Der Journalist Heribert Prantl mahnt bei der Berichterstattung über Vorfälle wie in Amberg zu mehr Differenzierung und Zurückhaltung. Der Kampf der Medien um Aufmerksamkeit führe dazu, dass solche Ereignisse unverhältnismäßig aufgeblasen würden, sagte er im Dlf. Auch die Politik reagiere zu schnell.

Heribert Prantl im Gespräch mit Michael Köhler | 06.01.2019
    Porträt von Heribert Prantl
    Der Innenpolitik-Chef der Süddeutschen Zeitung Heribert Prantl kritisiert "Erregungskreise" in Medien und sozialen Netzwerken (imago/Sven Simon)

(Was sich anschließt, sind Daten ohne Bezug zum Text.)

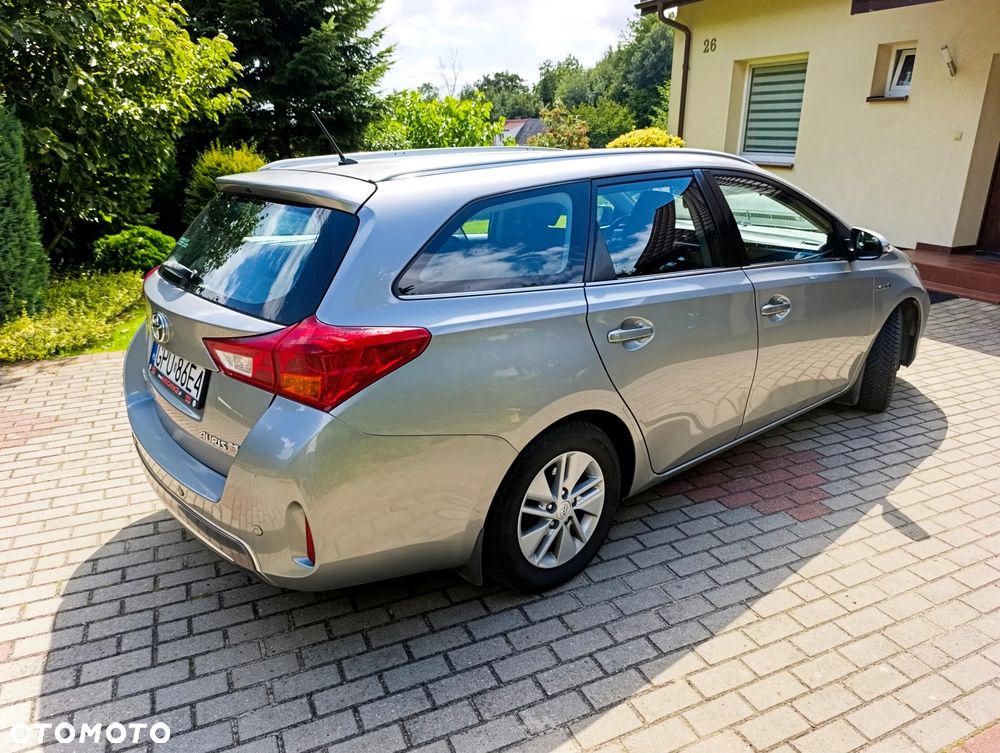 Toyota Auris - 5
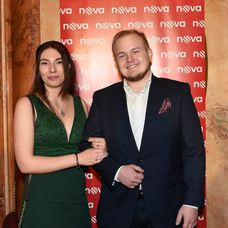 Artur Štaidl s priateľkou na premiére Ivety v pražskej Lucerne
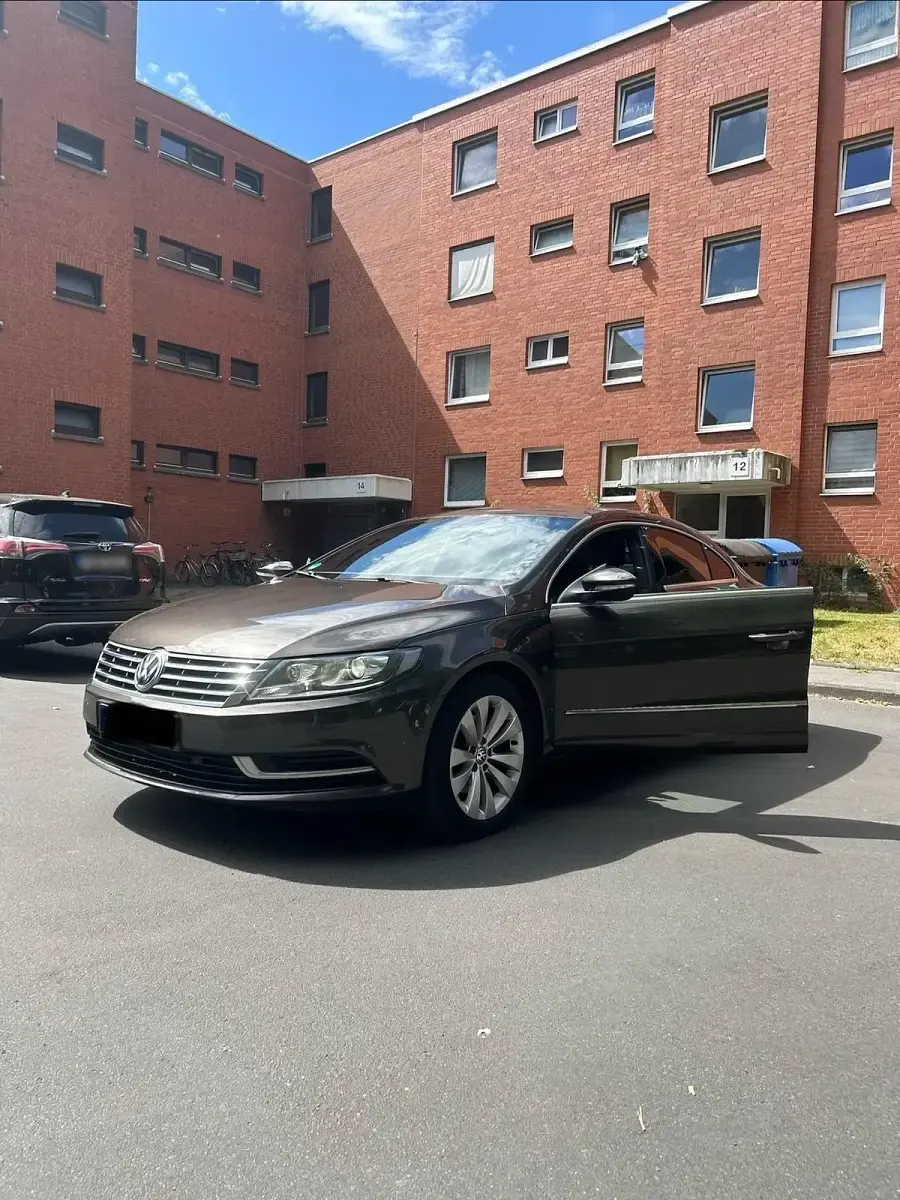 Gebraucht VW CC 170 PS (125 kW) 2012 Braun Limousine
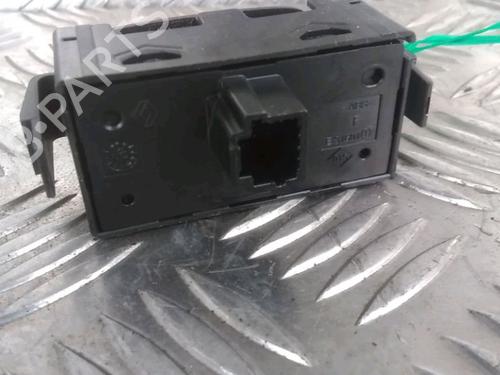 Used Warning switch RENAULT TRAFIC III Van (FG_) 1.6 dCi 95 (FGMJ, FGMR) (95 hp) 14963939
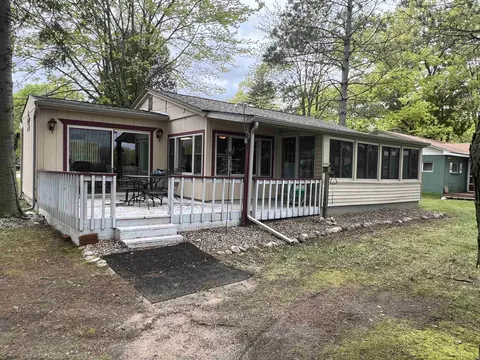 Exterior - 524 Hilo, Gladwin, MI 48624 photo 5 of 12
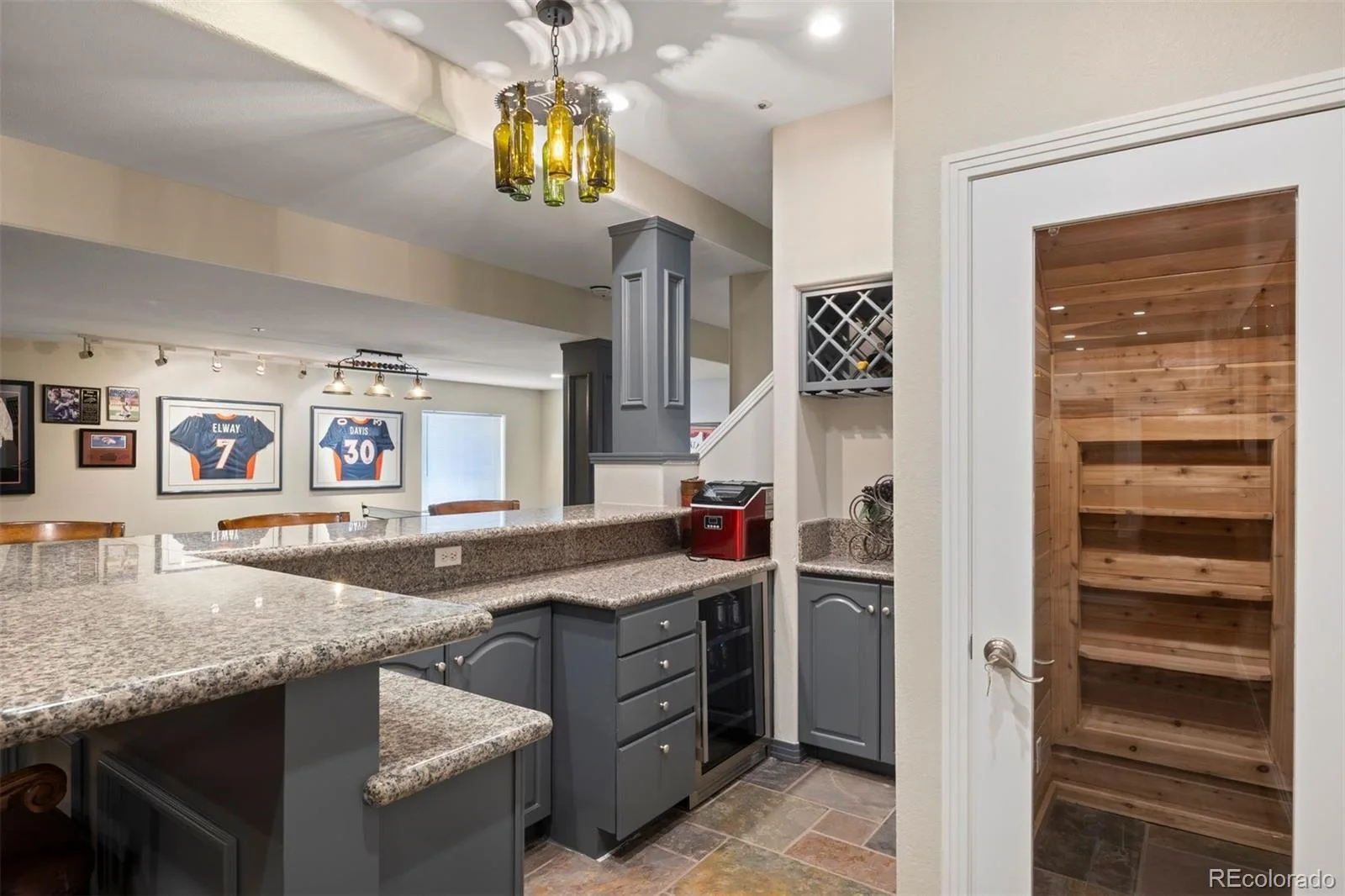 10 Castle Pines N Drive Castle Rock CO 80108 | MLS #REC2140303 08072026230409 1600 42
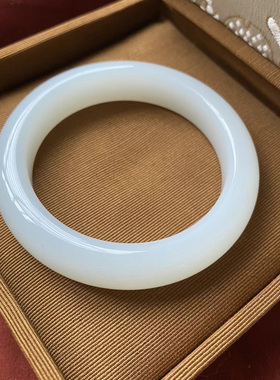 【郑姐和田玉】新疆且末白手镯万能链接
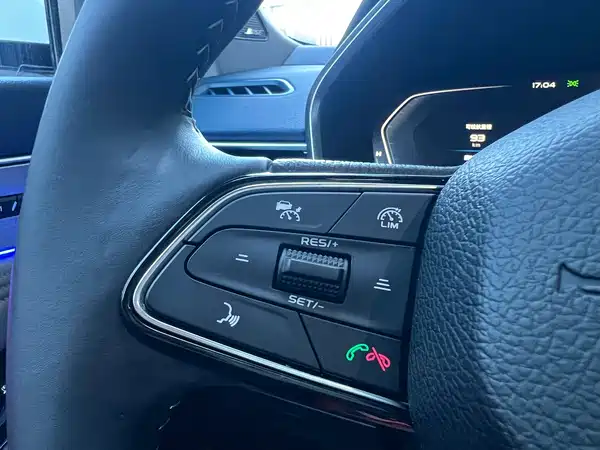 Geely Xingrui 2021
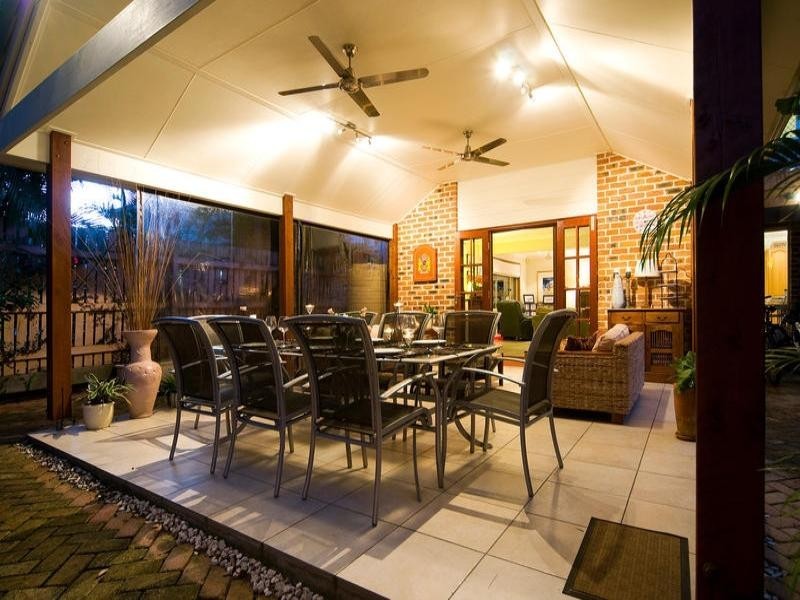 30 Tangmere Street, Chapel Hill QLD 4069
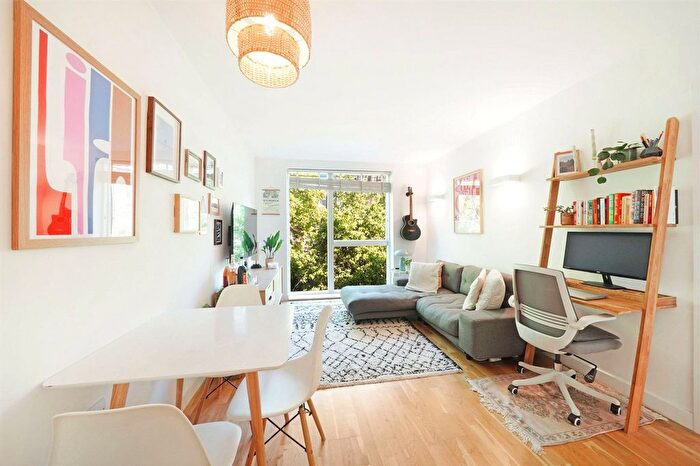 1 Bedroom Flat For Sale In Willingham Terrace, London, NW5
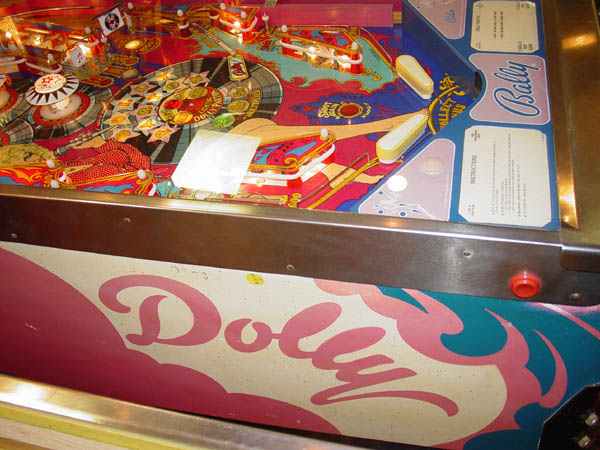Dolly Parton Pinball By Bally - Photo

    Es gebe eine "Katastrophenpublizistik", die zu Übertreibung und Zuspitzung neige, so der langjährige Innenpolitik-Chef der Süddeutschen Zeitung. Grund dafür sei ein sich "verschärfender Kampf um Aufmerksamkeit" in der Medienlandschaft. Die Medienhäuser wetteiferten nicht nur mit ihren direkten Konkurrenten auf dem Markt, sondern auch mit Bloggern, Youtubern oder "dubiosen Plattformen" um die Aufmerksamkeit der Mediennutzer.
    Die Nutzer forderten eine schnelle Kommentierung und Einordnung. "Man hält die Ungewissheit nicht aus". Jeder Nutzer könne sich zudem in diese Erregungskreise einschalten und sie mit Likes verstärken.
    Bei der "Aufmerksamkeitsjagd" der Medien komme die Verhältnismäßigkeit, "das dreimalige Überlegen, bevor man zu starken Formeln und Skandalisierungen" greife, zu kurz, sagte Prantl. So werde eine kleine Teilmenge wie der Vorfall in Amberg so aufgeblasen, dass der Eindruck entstehe, als wäre er das große Ganze.
    Prantl: Seehofers Reaktion bringe "innere Sicherheit ins Wanken"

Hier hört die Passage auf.